[TASK INPUT]

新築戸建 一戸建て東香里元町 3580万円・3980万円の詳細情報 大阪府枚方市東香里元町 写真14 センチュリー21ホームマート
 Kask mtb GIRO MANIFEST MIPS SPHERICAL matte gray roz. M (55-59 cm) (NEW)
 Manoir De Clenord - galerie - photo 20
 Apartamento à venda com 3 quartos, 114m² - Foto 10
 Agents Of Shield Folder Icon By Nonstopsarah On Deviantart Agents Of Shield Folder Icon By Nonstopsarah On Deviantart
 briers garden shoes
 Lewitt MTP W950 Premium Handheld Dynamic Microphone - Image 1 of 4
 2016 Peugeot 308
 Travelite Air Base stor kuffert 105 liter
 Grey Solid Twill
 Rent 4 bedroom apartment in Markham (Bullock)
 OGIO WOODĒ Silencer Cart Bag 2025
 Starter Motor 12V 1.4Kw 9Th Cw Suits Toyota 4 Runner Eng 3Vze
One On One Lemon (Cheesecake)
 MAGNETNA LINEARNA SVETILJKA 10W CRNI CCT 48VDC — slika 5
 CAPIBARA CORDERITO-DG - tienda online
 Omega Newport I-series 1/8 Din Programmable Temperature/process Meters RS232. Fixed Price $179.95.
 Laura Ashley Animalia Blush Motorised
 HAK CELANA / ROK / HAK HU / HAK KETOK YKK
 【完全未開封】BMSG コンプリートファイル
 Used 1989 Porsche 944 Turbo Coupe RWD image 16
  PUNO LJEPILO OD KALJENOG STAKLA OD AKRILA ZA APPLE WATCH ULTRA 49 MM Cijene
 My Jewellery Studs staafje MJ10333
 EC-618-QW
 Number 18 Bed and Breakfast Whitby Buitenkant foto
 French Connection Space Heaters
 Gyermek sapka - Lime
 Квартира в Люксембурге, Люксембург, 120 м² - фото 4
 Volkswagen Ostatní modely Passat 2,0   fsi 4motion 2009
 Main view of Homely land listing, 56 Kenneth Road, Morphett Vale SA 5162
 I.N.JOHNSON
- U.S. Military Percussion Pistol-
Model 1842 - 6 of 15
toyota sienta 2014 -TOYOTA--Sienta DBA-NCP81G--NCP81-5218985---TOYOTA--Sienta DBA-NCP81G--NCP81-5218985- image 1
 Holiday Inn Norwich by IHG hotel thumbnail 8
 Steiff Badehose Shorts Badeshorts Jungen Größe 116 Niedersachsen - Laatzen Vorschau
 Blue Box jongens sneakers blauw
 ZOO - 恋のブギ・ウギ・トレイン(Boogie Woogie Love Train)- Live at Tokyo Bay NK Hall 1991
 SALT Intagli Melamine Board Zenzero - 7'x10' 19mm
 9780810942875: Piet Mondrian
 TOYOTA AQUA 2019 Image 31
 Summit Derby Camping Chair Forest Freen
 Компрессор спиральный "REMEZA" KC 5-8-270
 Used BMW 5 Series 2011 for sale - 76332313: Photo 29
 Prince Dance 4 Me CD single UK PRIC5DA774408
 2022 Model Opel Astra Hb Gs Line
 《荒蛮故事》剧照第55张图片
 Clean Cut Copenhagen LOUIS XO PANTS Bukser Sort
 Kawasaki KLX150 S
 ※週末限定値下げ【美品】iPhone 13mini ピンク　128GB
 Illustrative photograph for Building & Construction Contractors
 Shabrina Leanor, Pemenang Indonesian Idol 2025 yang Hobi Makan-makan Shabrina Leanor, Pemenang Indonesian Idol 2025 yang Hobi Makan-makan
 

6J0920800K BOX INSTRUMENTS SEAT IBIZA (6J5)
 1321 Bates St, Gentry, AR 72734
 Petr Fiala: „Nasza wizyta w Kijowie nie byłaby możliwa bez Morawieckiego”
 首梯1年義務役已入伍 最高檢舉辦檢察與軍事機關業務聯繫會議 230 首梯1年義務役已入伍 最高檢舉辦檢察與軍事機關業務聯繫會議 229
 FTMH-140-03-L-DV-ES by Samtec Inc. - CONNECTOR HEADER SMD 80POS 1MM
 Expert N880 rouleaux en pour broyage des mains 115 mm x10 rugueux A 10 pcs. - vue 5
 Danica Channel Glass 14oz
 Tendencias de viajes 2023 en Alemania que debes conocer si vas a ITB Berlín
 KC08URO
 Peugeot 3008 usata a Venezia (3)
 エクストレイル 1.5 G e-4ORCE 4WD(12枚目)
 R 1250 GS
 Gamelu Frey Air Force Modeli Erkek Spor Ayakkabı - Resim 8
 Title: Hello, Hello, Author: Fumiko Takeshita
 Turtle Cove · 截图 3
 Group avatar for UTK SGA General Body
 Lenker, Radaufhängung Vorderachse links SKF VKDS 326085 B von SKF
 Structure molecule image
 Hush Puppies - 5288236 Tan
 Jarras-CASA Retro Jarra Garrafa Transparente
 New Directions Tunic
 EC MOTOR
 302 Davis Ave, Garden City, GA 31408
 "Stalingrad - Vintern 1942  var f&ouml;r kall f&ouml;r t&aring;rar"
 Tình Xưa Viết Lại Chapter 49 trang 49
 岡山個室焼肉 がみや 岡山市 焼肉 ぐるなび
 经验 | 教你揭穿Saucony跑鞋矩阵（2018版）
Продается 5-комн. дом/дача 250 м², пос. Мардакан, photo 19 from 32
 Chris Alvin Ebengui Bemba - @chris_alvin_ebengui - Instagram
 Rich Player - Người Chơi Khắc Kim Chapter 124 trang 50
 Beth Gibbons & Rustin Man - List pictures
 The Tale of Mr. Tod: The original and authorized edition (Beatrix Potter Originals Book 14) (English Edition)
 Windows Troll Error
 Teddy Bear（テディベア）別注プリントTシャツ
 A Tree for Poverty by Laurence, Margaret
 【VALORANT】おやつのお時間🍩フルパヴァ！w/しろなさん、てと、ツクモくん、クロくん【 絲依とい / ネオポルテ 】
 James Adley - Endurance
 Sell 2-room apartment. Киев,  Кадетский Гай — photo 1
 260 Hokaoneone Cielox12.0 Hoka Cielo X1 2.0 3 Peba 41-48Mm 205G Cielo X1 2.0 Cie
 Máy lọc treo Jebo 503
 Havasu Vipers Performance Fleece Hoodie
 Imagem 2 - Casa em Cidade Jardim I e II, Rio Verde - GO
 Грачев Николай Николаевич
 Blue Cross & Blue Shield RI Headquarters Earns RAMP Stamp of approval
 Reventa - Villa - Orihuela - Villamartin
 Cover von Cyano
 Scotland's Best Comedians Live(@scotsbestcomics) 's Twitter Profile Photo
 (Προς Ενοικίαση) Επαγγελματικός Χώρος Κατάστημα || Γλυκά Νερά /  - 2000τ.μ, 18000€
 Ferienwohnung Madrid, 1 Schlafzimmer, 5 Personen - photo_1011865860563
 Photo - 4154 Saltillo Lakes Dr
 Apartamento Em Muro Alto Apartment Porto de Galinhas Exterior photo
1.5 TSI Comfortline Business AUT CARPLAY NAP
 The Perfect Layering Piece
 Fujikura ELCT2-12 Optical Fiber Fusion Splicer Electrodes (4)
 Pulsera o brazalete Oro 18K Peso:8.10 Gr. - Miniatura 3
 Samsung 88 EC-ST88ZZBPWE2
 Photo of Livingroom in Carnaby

[/TASK INPUT]

- _TASK BRIEF_:
Quote the data above from the line containing "Grey Solid Twill" to the line containing "Illustrative photograph for", inclusive, and stop.

- _COMPLETED TASK_:
 Grey Solid Twill
 Rent 4 bedroom apartment in Markham (Bullock)
 OGIO WOODĒ Silencer Cart Bag 2025
 Starter Motor 12V 1.4Kw 9Th Cw Suits Toyota 4 Runner Eng 3Vze
One On One Lemon (Cheesecake)
 MAGNETNA LINEARNA SVETILJKA 10W CRNI CCT 48VDC — slika 5
 CAPIBARA CORDERITO-DG - tienda online
 Omega Newport I-series 1/8 Din Programmable Temperature/process Meters RS232. Fixed Price $179.95.
 Laura Ashley Animalia Blush Motorised
 HAK CELANA / ROK / HAK HU / HAK KETOK YKK
 【完全未開封】BMSG コンプリートファイル
 Used 1989 Porsche 944 Turbo Coupe RWD image 16
  PUNO LJEPILO OD KALJENOG STAKLA OD AKRILA ZA APPLE WATCH ULTRA 49 MM Cijene
 My Jewellery Studs staafje MJ10333
 EC-618-QW
 Number 18 Bed and Breakfast Whitby Buitenkant foto
 French Connection Space Heaters
 Gyermek sapka - Lime
 Квартира в Люксембурге, Люксембург, 120 м² - фото 4
 Volkswagen Ostatní modely Passat 2,0   fsi 4motion 2009
 Main view of Homely land listing, 56 Kenneth Road, Morphett Vale SA 5162
 I.N.JOHNSON
- U.S. Military Percussion Pistol-
Model 1842 - 6 of 15
toyota sienta 2014 -TOYOTA--Sienta DBA-NCP81G--NCP81-5218985---TOYOTA--Sienta DBA-NCP81G--NCP81-5218985- image 1
 Holiday Inn Norwich by IHG hotel thumbnail 8
 Steiff Badehose Shorts Badeshorts Jungen Größe 116 Niedersachsen - Laatzen Vorschau
 Blue Box jongens sneakers blauw
 ZOO - 恋のブギ・ウギ・トレイン(Boogie Woogie Love Train)- Live at Tokyo Bay NK Hall 1991
 SALT Intagli Melamine Board Zenzero - 7'x10' 19mm
 9780810942875: Piet Mondrian
 TOYOTA AQUA 2019 Image 31
 Summit Derby Camping Chair Forest Freen
 Компрессор спиральный "REMEZA" KC 5-8-270
 Used BMW 5 Series 2011 for sale - 76332313: Photo 29
 Prince Dance 4 Me CD single UK PRIC5DA774408
 2022 Model Opel Astra Hb Gs Line
 《荒蛮故事》剧照第55张图片
 Clean Cut Copenhagen LOUIS XO PANTS Bukser Sort
 Kawasaki KLX150 S
 ※週末限定値下げ【美品】iPhone 13mini ピンク　128GB
 Illustrative photograph for Building & Construction Contractors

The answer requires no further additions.